Task requirements — Please set down the line that contains "𝘌𝘭𝘪𝘯 𝘍𝘧𝘭𝘶𝘳 𝘔𝘢𝘬𝘦" and every line below it through the last, exactly as written, with no other lines.

Data under study —
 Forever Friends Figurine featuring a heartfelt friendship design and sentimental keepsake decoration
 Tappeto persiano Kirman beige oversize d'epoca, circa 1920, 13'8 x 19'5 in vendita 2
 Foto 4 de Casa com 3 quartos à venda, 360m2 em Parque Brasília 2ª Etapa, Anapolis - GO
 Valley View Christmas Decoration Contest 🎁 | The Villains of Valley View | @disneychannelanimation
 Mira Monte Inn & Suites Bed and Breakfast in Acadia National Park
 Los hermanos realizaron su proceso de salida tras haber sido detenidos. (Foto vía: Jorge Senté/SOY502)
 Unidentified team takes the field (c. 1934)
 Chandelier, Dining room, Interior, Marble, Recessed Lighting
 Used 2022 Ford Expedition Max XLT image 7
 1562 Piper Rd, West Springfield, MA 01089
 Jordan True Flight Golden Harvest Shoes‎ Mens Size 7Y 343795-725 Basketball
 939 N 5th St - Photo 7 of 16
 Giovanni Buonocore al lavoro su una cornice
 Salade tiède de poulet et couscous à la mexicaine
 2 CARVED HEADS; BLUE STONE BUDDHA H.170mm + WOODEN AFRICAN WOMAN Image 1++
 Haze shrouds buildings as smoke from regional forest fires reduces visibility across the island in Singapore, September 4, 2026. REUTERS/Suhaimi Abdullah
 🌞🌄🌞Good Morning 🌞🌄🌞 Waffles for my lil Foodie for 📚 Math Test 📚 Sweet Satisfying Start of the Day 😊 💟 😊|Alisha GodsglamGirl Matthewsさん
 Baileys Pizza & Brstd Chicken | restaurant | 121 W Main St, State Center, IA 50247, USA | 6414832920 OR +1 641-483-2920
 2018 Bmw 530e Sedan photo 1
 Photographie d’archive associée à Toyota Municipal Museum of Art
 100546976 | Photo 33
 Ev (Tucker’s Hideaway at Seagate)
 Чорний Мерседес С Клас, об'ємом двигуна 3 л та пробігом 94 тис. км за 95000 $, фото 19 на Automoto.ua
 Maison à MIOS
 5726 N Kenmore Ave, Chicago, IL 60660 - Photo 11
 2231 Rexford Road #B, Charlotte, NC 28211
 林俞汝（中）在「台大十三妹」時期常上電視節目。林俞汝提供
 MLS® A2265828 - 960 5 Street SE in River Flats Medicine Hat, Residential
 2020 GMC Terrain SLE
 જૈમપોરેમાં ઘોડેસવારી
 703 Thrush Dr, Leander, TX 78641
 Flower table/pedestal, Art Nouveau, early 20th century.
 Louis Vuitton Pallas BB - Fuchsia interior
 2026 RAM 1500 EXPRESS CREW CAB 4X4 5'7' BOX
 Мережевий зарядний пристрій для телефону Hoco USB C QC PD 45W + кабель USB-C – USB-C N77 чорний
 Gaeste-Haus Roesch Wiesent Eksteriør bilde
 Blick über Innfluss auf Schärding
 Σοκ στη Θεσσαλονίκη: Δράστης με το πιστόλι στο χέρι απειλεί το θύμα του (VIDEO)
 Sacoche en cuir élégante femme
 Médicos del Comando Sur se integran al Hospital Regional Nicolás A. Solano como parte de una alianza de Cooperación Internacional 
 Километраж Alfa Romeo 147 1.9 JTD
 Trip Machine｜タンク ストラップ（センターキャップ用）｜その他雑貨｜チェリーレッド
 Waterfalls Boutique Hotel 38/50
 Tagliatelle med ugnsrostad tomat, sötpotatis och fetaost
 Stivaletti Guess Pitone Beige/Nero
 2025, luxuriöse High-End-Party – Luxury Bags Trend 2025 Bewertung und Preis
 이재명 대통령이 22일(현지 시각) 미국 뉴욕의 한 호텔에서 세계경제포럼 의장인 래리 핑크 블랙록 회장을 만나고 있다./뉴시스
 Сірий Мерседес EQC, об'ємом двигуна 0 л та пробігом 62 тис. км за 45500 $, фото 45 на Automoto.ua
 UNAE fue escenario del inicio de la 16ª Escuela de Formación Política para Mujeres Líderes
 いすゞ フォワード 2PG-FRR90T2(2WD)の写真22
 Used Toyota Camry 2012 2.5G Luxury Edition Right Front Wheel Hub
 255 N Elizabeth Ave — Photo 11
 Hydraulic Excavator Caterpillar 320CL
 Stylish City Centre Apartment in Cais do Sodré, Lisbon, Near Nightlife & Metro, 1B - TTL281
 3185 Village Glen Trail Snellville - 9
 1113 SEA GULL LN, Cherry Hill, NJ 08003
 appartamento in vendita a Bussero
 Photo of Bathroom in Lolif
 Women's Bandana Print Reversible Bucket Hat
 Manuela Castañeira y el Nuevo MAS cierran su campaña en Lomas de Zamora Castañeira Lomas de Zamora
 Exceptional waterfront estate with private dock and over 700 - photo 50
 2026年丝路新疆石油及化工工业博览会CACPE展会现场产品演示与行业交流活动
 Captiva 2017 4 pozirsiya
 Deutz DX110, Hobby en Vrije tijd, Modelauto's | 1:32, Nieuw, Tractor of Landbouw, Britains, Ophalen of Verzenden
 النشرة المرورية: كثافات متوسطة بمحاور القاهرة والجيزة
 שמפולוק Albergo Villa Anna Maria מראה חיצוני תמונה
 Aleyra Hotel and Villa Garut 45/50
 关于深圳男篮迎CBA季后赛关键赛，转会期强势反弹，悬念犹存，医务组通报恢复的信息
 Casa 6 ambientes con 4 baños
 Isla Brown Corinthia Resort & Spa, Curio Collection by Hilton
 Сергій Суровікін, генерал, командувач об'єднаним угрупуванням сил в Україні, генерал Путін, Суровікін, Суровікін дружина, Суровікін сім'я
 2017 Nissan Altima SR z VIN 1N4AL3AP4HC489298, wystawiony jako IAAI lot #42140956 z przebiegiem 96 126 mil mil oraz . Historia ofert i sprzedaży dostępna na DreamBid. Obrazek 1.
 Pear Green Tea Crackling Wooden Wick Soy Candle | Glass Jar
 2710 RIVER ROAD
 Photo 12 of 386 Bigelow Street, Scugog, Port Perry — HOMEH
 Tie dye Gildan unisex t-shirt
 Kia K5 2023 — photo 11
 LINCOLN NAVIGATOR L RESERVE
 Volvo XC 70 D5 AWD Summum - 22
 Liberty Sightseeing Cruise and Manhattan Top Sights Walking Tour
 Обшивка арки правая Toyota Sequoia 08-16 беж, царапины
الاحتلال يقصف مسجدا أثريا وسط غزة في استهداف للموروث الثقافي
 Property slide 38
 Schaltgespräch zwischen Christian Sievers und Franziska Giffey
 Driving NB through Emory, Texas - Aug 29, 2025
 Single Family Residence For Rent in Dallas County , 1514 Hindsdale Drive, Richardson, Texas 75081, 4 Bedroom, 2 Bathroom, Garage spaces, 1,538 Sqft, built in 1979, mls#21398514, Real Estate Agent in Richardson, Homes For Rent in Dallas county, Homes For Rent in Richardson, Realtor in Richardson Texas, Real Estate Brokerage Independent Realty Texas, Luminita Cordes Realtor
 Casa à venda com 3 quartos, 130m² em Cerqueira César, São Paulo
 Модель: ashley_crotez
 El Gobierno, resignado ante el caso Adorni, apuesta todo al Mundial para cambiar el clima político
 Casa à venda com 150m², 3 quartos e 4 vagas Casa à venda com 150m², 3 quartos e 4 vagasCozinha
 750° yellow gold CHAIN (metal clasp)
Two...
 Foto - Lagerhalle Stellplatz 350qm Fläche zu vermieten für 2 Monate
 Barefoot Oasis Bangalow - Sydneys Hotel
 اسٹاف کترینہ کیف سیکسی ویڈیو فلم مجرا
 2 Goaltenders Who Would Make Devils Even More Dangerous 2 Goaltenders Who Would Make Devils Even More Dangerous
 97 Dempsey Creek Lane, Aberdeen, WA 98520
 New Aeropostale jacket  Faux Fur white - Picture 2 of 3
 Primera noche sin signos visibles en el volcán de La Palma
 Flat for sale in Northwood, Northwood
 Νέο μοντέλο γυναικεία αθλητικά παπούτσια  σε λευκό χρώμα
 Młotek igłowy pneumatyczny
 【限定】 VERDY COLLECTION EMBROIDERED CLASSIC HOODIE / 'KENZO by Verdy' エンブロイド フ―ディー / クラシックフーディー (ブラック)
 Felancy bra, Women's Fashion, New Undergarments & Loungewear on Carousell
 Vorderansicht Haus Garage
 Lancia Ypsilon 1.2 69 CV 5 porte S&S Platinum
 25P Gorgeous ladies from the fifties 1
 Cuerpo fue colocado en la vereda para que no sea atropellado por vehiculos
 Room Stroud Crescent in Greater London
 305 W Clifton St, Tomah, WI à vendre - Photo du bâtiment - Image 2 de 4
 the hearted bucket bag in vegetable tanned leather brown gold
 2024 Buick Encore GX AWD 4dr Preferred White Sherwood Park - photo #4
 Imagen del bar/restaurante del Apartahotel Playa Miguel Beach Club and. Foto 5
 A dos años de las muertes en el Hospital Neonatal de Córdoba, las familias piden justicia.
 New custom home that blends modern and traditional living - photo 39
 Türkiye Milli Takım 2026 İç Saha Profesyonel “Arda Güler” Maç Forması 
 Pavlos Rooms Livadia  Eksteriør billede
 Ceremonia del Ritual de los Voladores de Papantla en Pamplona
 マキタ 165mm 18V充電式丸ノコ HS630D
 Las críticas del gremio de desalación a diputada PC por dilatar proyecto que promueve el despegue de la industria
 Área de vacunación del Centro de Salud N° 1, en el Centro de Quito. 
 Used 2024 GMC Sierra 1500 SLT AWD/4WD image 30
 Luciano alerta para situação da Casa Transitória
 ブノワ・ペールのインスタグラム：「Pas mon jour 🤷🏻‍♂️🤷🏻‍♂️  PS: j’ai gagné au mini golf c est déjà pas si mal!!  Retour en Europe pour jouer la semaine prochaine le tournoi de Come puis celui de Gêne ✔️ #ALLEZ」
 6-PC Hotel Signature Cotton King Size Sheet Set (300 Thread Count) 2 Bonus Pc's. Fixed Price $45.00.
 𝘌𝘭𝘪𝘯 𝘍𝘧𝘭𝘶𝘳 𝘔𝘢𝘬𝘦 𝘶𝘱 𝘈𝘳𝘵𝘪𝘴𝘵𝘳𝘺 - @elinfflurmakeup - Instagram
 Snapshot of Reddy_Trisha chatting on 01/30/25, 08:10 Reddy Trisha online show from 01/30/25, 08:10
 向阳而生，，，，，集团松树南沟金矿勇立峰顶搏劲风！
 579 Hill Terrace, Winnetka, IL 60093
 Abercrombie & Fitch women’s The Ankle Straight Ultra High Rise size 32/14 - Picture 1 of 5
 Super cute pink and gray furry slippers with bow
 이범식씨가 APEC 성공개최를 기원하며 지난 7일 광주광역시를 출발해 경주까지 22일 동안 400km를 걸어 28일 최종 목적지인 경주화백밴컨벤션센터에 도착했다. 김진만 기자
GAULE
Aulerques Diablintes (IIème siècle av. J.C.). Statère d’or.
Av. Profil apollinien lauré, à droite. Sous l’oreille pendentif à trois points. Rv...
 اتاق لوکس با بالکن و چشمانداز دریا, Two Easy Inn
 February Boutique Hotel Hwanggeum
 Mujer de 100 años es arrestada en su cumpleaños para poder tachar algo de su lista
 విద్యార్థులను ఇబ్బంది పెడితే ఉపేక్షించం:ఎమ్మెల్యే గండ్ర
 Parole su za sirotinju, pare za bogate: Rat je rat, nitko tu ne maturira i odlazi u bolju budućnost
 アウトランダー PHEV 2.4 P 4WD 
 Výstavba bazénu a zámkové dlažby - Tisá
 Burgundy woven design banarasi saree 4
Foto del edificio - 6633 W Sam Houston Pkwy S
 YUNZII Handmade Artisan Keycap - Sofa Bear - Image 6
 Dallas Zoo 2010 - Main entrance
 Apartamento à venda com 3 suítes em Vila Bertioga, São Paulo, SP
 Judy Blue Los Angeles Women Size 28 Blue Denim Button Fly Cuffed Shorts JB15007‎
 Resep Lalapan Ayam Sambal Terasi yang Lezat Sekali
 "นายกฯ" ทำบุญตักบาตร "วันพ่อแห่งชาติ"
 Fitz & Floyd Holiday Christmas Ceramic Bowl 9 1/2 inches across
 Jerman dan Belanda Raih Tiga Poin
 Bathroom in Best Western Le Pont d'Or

Output —
 𝘌𝘭𝘪𝘯 𝘍𝘧𝘭𝘶𝘳 𝘔𝘢𝘬𝘦 𝘶𝘱 𝘈𝘳𝘵𝘪𝘴𝘵𝘳𝘺 - @elinfflurmakeup - Instagram
 Snapshot of Reddy_Trisha chatting on 01/30/25, 08:10 Reddy Trisha online show from 01/30/25, 08:10
 向阳而生，，，，，集团松树南沟金矿勇立峰顶搏劲风！
 579 Hill Terrace, Winnetka, IL 60093
 Abercrombie & Fitch women’s The Ankle Straight Ultra High Rise size 32/14 - Picture 1 of 5
 Super cute pink and gray furry slippers with bow
 이범식씨가 APEC 성공개최를 기원하며 지난 7일 광주광역시를 출발해 경주까지 22일 동안 400km를 걸어 28일 최종 목적지인 경주화백밴컨벤션센터에 도착했다. 김진만 기자
GAULE
Aulerques Diablintes (IIème siècle av. J.C.). Statère d’or.
Av. Profil apollinien lauré, à droite. Sous l’oreille pendentif à trois points. Rv...
 اتاق لوکس با بالکن و چشمانداز دریا, Two Easy Inn
 February Boutique Hotel Hwanggeum
 Mujer de 100 años es arrestada en su cumpleaños para poder tachar algo de su lista
 విద్యార్థులను ఇబ్బంది పెడితే ఉపేక్షించం:ఎమ్మెల్యే గండ్ర
 Parole su za sirotinju, pare za bogate: Rat je rat, nitko tu ne maturira i odlazi u bolju budućnost
 アウトランダー PHEV 2.4 P 4WD 
 Výstavba bazénu a zámkové dlažby - Tisá
 Burgundy woven design banarasi saree 4
Foto del edificio - 6633 W Sam Houston Pkwy S
 YUNZII Handmade Artisan Keycap - Sofa Bear - Image 6
 Dallas Zoo 2010 - Main entrance
 Apartamento à venda com 3 suítes em Vila Bertioga, São Paulo, SP
 Judy Blue Los Angeles Women Size 28 Blue Denim Button Fly Cuffed Shorts JB15007‎
 Resep Lalapan Ayam Sambal Terasi yang Lezat Sekali
 "นายกฯ" ทำบุญตักบาตร "วันพ่อแห่งชาติ"
 Fitz & Floyd Holiday Christmas Ceramic Bowl 9 1/2 inches across
 Jerman dan Belanda Raih Tiga Poin
 Bathroom in Best Western Le Pont d'Or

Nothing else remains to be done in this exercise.